* _RECORDED INFORMATION_
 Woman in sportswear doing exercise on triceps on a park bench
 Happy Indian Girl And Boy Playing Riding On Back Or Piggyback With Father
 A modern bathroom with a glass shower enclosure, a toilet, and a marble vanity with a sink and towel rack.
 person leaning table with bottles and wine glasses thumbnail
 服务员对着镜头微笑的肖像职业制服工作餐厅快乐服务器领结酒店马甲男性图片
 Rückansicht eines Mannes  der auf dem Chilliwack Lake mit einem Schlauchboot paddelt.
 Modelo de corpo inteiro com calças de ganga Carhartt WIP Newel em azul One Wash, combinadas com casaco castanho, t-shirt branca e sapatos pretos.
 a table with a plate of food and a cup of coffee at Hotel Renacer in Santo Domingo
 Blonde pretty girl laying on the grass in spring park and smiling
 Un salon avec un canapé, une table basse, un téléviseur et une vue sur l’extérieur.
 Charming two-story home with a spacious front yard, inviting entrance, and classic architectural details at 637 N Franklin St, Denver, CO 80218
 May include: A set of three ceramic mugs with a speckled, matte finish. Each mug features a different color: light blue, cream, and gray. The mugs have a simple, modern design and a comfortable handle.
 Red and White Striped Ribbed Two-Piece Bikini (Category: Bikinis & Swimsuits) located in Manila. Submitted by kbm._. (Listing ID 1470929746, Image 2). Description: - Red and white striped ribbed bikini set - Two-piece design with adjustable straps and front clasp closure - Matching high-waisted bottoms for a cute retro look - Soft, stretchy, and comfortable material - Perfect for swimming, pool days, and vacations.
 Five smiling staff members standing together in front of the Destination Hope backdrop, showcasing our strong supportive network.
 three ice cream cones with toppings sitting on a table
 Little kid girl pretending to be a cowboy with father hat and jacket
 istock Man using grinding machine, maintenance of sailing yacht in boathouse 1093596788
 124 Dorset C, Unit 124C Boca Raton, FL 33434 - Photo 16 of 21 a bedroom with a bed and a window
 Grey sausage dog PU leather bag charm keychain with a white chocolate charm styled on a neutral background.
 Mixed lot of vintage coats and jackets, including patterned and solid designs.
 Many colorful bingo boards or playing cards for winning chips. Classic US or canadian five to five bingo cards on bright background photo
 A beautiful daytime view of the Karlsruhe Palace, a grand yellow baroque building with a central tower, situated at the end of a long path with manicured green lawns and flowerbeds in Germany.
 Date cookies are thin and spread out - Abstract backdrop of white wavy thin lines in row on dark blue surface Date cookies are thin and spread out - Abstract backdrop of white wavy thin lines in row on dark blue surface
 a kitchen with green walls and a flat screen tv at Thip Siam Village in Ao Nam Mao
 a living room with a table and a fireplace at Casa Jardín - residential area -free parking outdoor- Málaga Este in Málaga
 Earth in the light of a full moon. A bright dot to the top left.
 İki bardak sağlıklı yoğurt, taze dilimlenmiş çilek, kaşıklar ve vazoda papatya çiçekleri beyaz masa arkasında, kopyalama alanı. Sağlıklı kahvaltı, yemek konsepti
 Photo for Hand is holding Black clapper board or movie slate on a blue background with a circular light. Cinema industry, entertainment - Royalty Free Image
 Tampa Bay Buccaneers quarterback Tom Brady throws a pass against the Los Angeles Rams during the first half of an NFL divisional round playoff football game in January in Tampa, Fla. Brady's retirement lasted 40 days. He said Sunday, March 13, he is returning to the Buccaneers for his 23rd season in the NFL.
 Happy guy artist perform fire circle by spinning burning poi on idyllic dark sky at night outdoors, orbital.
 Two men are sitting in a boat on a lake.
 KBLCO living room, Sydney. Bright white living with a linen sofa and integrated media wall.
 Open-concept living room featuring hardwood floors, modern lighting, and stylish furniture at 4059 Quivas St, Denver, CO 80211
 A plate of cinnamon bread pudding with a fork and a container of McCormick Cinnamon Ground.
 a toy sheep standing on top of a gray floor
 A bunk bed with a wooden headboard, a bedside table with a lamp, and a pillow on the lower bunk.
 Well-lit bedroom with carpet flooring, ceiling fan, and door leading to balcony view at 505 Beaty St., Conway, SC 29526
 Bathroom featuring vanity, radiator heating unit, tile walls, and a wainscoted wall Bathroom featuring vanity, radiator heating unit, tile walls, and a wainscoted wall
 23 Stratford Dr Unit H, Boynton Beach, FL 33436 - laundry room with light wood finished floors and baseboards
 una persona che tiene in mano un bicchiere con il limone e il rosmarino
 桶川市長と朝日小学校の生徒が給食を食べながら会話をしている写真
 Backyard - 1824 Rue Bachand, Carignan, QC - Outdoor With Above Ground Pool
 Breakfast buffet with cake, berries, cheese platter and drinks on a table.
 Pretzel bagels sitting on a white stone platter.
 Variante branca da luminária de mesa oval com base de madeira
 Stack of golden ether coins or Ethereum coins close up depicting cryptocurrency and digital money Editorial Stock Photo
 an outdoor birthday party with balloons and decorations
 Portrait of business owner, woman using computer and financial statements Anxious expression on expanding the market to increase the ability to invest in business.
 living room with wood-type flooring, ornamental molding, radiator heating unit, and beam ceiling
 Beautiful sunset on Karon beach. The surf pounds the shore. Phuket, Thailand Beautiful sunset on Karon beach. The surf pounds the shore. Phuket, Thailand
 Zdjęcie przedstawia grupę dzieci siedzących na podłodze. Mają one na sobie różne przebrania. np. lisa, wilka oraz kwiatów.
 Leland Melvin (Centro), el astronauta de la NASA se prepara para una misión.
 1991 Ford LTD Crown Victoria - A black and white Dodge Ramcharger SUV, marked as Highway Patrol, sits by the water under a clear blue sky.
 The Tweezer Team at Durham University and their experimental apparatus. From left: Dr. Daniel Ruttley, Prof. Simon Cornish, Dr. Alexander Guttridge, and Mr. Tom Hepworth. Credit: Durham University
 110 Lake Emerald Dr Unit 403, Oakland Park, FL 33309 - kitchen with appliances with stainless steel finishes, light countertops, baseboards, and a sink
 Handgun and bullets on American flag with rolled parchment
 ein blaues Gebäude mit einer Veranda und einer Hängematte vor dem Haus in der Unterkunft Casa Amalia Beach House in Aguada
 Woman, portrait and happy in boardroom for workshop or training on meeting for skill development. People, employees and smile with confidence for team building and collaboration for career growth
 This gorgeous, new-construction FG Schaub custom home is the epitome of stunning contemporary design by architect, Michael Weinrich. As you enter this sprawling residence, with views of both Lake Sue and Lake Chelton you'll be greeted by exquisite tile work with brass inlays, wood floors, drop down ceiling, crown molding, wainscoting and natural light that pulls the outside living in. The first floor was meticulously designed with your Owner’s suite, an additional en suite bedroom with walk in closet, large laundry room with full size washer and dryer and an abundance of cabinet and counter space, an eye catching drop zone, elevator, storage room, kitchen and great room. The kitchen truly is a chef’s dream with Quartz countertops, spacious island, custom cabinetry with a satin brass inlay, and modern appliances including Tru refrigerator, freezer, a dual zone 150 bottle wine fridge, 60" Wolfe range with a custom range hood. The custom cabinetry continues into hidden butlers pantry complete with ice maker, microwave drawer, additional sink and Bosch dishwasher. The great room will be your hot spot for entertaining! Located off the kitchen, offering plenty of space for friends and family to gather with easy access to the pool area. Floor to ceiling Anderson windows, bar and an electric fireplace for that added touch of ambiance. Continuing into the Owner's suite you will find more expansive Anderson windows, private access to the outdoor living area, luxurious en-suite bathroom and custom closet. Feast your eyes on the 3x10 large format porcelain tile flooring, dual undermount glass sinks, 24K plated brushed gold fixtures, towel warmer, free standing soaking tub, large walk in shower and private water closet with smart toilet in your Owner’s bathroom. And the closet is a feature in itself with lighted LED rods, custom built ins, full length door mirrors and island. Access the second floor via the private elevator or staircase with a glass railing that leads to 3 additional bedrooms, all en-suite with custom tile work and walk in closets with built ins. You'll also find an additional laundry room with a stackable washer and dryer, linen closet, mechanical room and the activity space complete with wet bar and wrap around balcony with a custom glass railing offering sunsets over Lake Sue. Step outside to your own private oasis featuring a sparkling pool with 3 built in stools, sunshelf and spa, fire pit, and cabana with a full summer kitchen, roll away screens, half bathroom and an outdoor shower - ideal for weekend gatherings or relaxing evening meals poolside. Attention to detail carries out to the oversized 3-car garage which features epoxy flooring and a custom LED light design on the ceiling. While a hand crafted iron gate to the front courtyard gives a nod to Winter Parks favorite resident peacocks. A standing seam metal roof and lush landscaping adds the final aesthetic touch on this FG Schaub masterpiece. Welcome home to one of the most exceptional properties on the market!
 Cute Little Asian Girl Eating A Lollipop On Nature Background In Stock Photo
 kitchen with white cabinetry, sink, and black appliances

* _WHAT YOU HAVE TO DO_
Would you please copy, word for word, everything above from the line containing "wainscoted wall Bathroom" down to the line containing "Backyard - 1824", those two lines included?

* _SOLUTION FOR THIS PROBLEM_
 Bathroom featuring vanity, radiator heating unit, tile walls, and a wainscoted wall Bathroom featuring vanity, radiator heating unit, tile walls, and a wainscoted wall
 23 Stratford Dr Unit H, Boynton Beach, FL 33436 - laundry room with light wood finished floors and baseboards
 una persona che tiene in mano un bicchiere con il limone e il rosmarino
 桶川市長と朝日小学校の生徒が給食を食べながら会話をしている写真
 Backyard - 1824 Rue Bachand, Carignan, QC - Outdoor With Above Ground Pool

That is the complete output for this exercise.